Henosis Sage
2021-07-17 11:34:28 UTC
(by someone in climate coms)
This is a re-post from Yale Climate Connections by James Hoggan
In the world of environmental communication, we are learning as we go. For years, we thought facts and outrage changed minds in ways we now know they don’t. We need to explore reliable new ways to speak, listen, and connect in the face of environmental disinformation and polarization.
For that we need ongoing research that helps educate us as it explores and advances the principles of effective science communication and highlights the harms of anti-environmentalism.
[...]
Speaking truth … ‘but not to punish’
Sometimes, according to San Francisco attorney and psychotherapist Bryant Welch, the best strategy is to simply not engage because doing so undercuts the “projective devices that adversaries use to justify their aggression.” If the victim remains silent rather than responding aggressively, it is harder to sustain the aggression, and the perpetrator is left to stew in their own ugliness. We all like to view ourselves as justified in what we say and do. Perpetrators who are denied the self-justification that comes with an angry response are slowed in their aggression.

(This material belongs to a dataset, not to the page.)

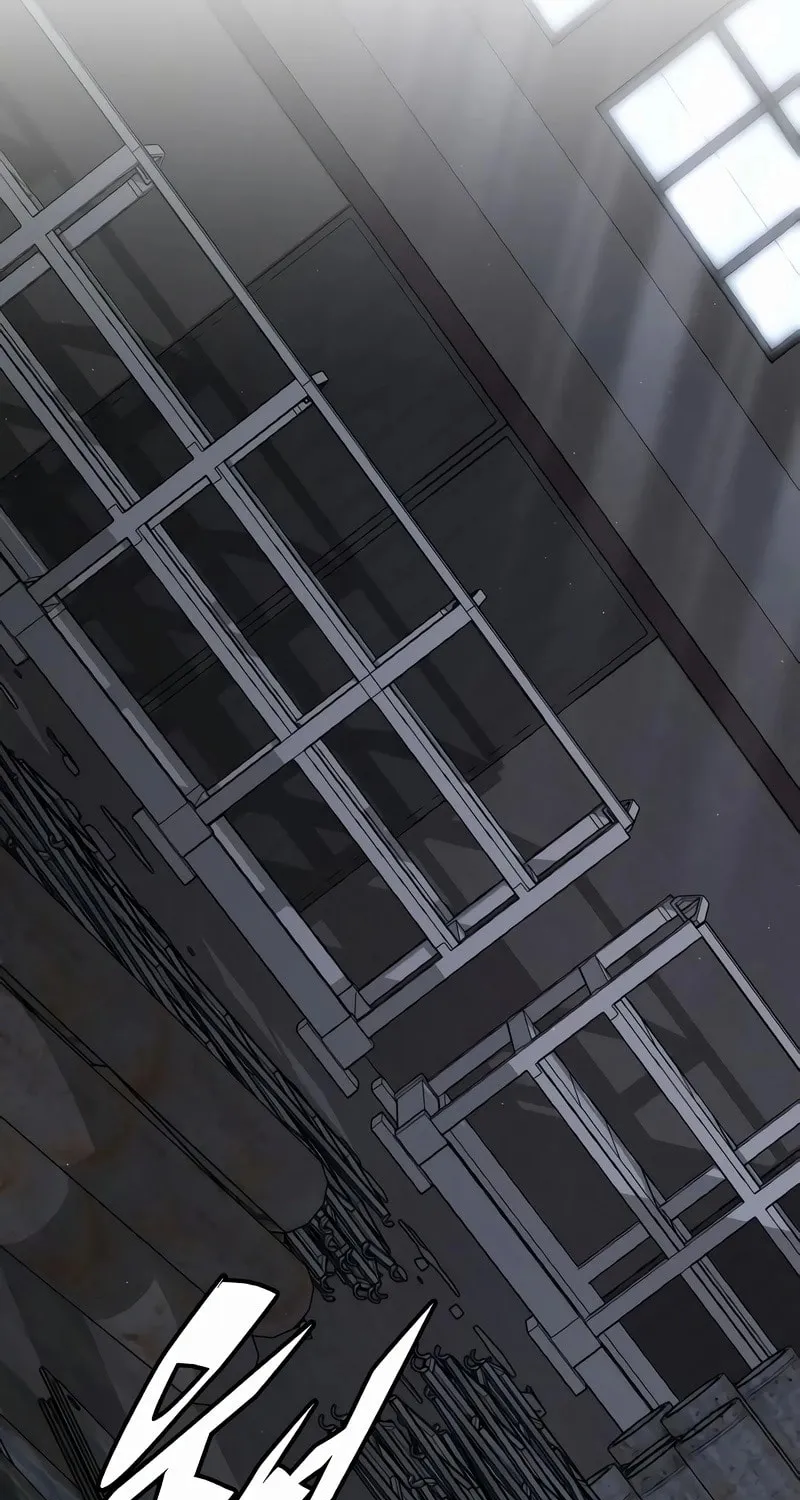 Apocalyptic Chef Awakening Chapter 43 page 45 - 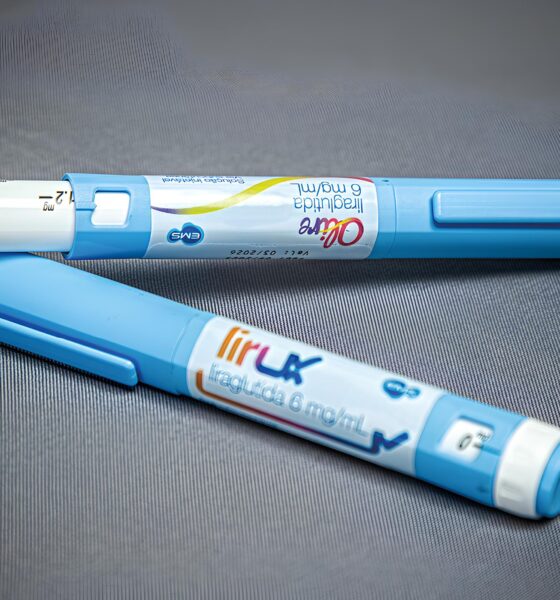 A Revolução Silenciosa nas Prateleiras das Farmácias: A Caneta EMS que Promete Redefinir o Combate à Obesidade e ao Diabetes 9 A Revolu o Silenciosa nas Prateleiras das Farm cias A Caneta EMS que Promete Redefinir o Combate Obesidade e ao Diabetes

David Suzuki and I in August 2011 had tea with the renowned Vietnamese monk Thich Nhat Hanh at The University of British Columbia. We were speaking about species extinction when Thich Nhat Hanh said we should bring a spiritual dimension to the work of protecting the environment. “You’re not saying we shouldn’t be activists, are you?” I asked. He looked at me in a quiet, piercing way and said slowly, “Speak the truth, but not to punish.”
I’ve been thinking about this advice ever since. It was one of the most profound moments of this entire journey of research and writing, the seminal moment, because it gathered together the deepest voices and most profound threads of this long book into one elegant sentence.
As I was finishing the book, someone sent me a Public Broadcasting Service special in which Bill Moyers and Harvard’s Marshall Ganz discussed how to achieve political change. Ganz said we should never be afraid of the controversy that arises from speaking the truth. There is nothing wrong with a good fight over injustice. He said he has no time for people who criticize polarization and say, “Let’s just get along better.” He argued that polarization can have positive outcomes.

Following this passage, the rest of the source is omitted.